A LIGA DOS CARAS-DE-PAU


Quando sofríamos nos aeroportos, bolaram uma jogada de mestre: aumentos nos preços das passagens

OS CARAS-DE-PAU chegaram sem aviso. A não ser por aquelas dicas suaves, nas entrelinhas, que talvez devêssemos perceber.
Eles vivem há mais de cinco séculos no Brasil e provavelmente já existissem nas tribos que eram as donas do país.
Eles são ávidos, gananciosos e não ficam vermelhos nunca. Toda manhã e à noite, antes de dormir, lustram o rosto com óleo de peroba.
Foram eles que garantiram que a TV digital seria fantástica e que o ideal seria o modelo japonês, pela interatividade. Que, como sabemos, não apareceu até agora.
Quando sofríamos nos aeroportos com insegurança, filas intermináveis, "overbooking", cancelamento de vôos e falta de informações, bolaram uma jogada de mestre: aumentos nos preços das passagens. Reduziram a aceleração da demanda e, por tabela, os problemas.
Esses sujeitinhos continuam cheios de idéias inovadoras (cuidado com elas!). Na semana passada, um deles propôs a "flexibilização da legislação trabalhista" para enfrentar a crise. Por que não a escravidão, as galés ou o degredo em ilhas distantes, senhor empresário?

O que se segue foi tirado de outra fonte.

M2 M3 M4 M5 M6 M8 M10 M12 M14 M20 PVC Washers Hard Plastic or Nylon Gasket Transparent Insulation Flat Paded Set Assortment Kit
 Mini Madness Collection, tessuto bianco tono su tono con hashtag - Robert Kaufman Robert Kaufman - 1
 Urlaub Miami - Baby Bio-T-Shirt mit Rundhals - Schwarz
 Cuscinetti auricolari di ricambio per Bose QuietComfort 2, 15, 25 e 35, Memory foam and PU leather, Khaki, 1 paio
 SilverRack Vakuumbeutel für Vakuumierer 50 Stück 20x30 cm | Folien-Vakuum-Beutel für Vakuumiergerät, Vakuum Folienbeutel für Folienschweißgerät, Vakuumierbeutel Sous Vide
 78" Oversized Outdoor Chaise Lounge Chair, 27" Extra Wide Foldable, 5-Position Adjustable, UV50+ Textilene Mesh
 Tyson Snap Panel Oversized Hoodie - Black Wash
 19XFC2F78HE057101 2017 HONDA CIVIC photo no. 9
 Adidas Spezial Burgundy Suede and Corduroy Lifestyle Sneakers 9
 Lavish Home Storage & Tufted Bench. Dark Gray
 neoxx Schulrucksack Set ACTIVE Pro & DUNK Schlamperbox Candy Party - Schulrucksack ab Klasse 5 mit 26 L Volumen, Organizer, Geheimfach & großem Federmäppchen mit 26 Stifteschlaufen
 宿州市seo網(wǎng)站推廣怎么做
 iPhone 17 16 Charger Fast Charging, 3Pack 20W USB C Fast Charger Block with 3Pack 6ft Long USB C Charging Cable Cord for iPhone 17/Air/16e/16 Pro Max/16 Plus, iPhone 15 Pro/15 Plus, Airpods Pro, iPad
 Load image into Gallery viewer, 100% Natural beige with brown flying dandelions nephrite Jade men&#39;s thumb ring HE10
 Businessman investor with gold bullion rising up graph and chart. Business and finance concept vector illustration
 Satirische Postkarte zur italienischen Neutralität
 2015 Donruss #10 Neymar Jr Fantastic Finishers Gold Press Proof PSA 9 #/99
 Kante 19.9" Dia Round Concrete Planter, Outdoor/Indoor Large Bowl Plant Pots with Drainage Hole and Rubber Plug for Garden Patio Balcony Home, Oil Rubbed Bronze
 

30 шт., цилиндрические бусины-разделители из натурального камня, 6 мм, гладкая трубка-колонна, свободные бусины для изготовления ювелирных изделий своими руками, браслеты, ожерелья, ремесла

Paramos por aí? Não, eles são insaciáveis. Conseguiram adiar a lei que pune crimes ambientais.
Daqui a um ano, certamente terão outro argumento para pedir mais cem anos.
Enquadraram o ministro da Saúde, José Gomes Temporão, por ter criticado desvios na Funasa.
Aproveitaram a crise de liquidez (falta de dinheiro para empréstimos) e aumentaram juros e outros penduricalhos, que encarecem as operações.
Reclamaram dos depósitos compulsórios retidos no Banco Central, houve liberação de dinheiro, mas o crédito não retornou com força.
Todos os dias, integrantes da Liga dos Caras-de-Pau identificam novas oportunidades de obter mais vantagens, mais benefícios, em detrimento de nós, que pagamos todas as contas. Eles adiaram, por exemplo, a isenção de cobrança de novos pontos de TV por assinatura. Enrolaram, enrolaram, e a decisão (?) ficou para 2009.
Daqui a quatro dias, eles se reunirão em torno de suas mesas, com seus familiares e amigos, para comemorar o Natal. Brindarão à paz, ao entendimento entre os homens, aos valores familiares. Se forem cristãos, talvez até rezem, e relembrem do aniversariante do dia 25.
Não pensarão em consumidores lesados, eleitores ludibriados, trabalhadores demitidos, pobres que terão mais dificuldades devido ao que os caras-de-pau fizeram e fazem no mercado financeiro.
Não, talvez até pensem, mas com um sorriso maroto nos lábios, do gênero "me dei bem".
É lamentável, mas pode esquecer qualquer possibilidade de que sejam condenados por algum delito. Isso nem se cogita.
Afinal, eles montaram o esquema que move as pedras da nossa sociedade. Não fariam isso para se prejudicar.
Podemos reclamar, denunciar, chiar. Então, lá vai: "como vocês são caras-de-pau".